Attorney General Tong Statement on Supreme Court Decision Affirming Birthright Citizenship
06/30/2026
(Hartford, CT) – Attorney General William Tong released a statement following the decision in the U.S. Supreme Court today to affirm birthright citizenship.
Attorney General Tong will be joined by California Attorney General Rob Bonta, Massachusetts Attorney General Andrea Campbell and New Jersey Attorney General Jennifer Davenport for a remote press conference to discuss the decision at 1 p.m. today. Media may register for the Zoom link here: https://njoag.zoomgov.com/webinar/register/WN_2onFnEyfQPyfIY4_rbAPrQ
“The Supreme Court did its job today—they read the words of the Constitution. They did the first thing any court is supposed to do any time, any inquiry. When the words and the text are clear and unambiguous, as it is with the Fourteenth Amendment and citizenship, that is the end of the inquiry.
The Fourteenth Amendment says what it means, and it means what it says—if you are born on American soil, you are an American. Ronald Reagan was right— our Constitution spells out the promise that anyone can be an American. This promise is a hope and aspiration that defines us, makes us who we are, and distinguishes us above all others.
Donald Trump’s executive order wasn’t just wildly wrong on the law. It was an audacious attempt to override that American dream with the cruel legal fantasies of the most radical anti-immigrant fringe. It was an effort to deny the existence and legitimacy of my own family, and so many Americans who share my story.
Today is not just a legal victory. Today is a second ratification of the Fourteenth Amendment, on the 250th anniversary of our nation’s birth, by which we affirm as a people the essential character of our nation built by the sacrifice, ambition, and unyielding labor of immigrant hands.
Still, so much of Donald Trump’s hateful war on American families rages on. Across our country, masked paramilitary enforcers are occupying our communities, ripping children from their parents, killing protestors, and inflicting needless terror and chaos. Government functions are being co-opted for surveillance and weaponized to deny basic care and services. We are fighting back on every front to preserve the essential character of our nation. Today’s decision is a thunderous victory with more to come,” said Attorney General Tong.
On his first day in office in 2025, President Trump issued an executive order to end birthright citizenship for countless children born in the United States to immigrant parents, in violation of the Fourteenth Amendment of the U.S. Constitution and Section 1401 of the Immigration and Nationality Act (INA). Groups of states immediately filed two lawsuits challenging the order, one in the Western District of Washington and one, joined by Connecticut, in the District of Massachusetts.
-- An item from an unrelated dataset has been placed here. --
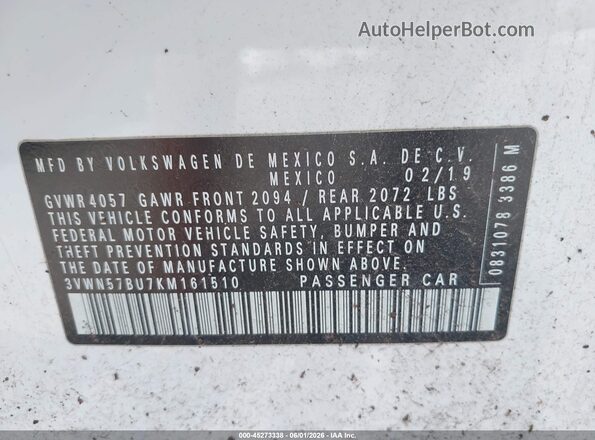 3VWN57BU7KM161510 2019 VOLKSWAGEN JETTA White 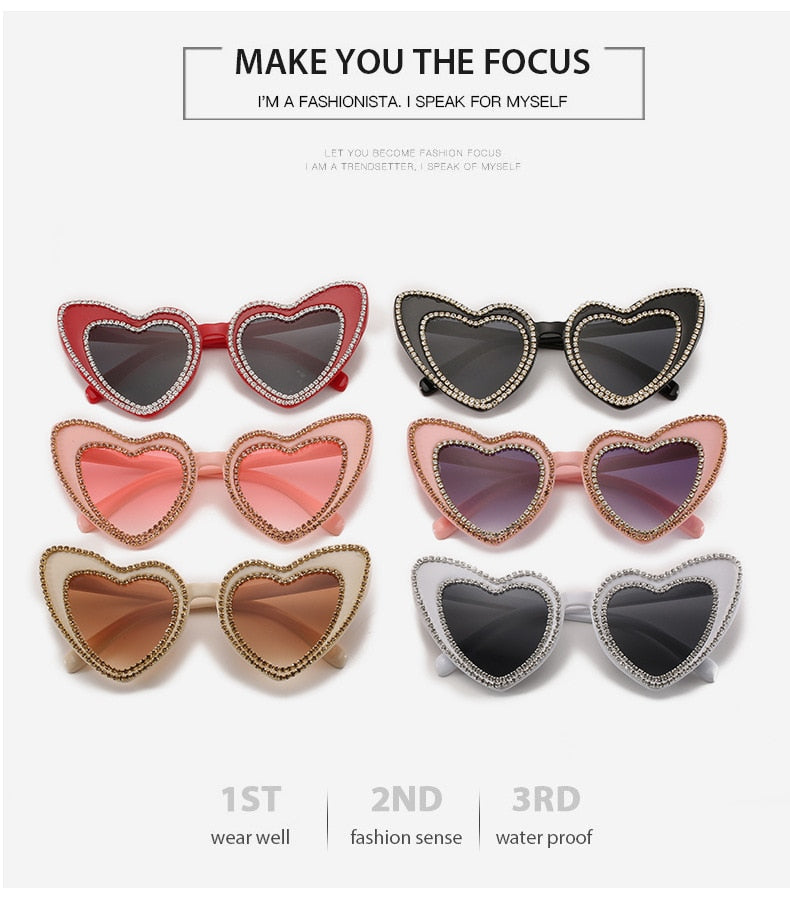 Women's Designer Heart Bling Crystal Diamond Luxury Eyewear Sunglasses - Women Sunglasses - DYAVOR®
Attorney General Tong was at the Supreme Court for oral arguments on the legality of a nationwide injunction issued in challenge on May 15, 2025. The Supreme Court ultimately struck down the nationwide injunction and remanded to the district court to determine the necessary scope of an injunction. The states, including Connecticut, subsequently secured nationwide injunctions in both the district court and appellate courts, successfully blocking the executive order from ever taking effect.
The Supreme Court decision today comes in a separate challenge, Barbara v. Trump, brought by a class of children who would have lost citizenship under the order. Attorney General Tong joined a coalition of 24 attorneys general filing an amicus brief in that challenge
For Attorney General Tong, this fight is personal. Born in Hartford, Connecticut in 1973, he became the first United States citizen in his immediate family by right of his birth on American soil. He was the first Asian American elected to state office in Connecticut history, and the first Chinese American to be elected Attorney General in the nation.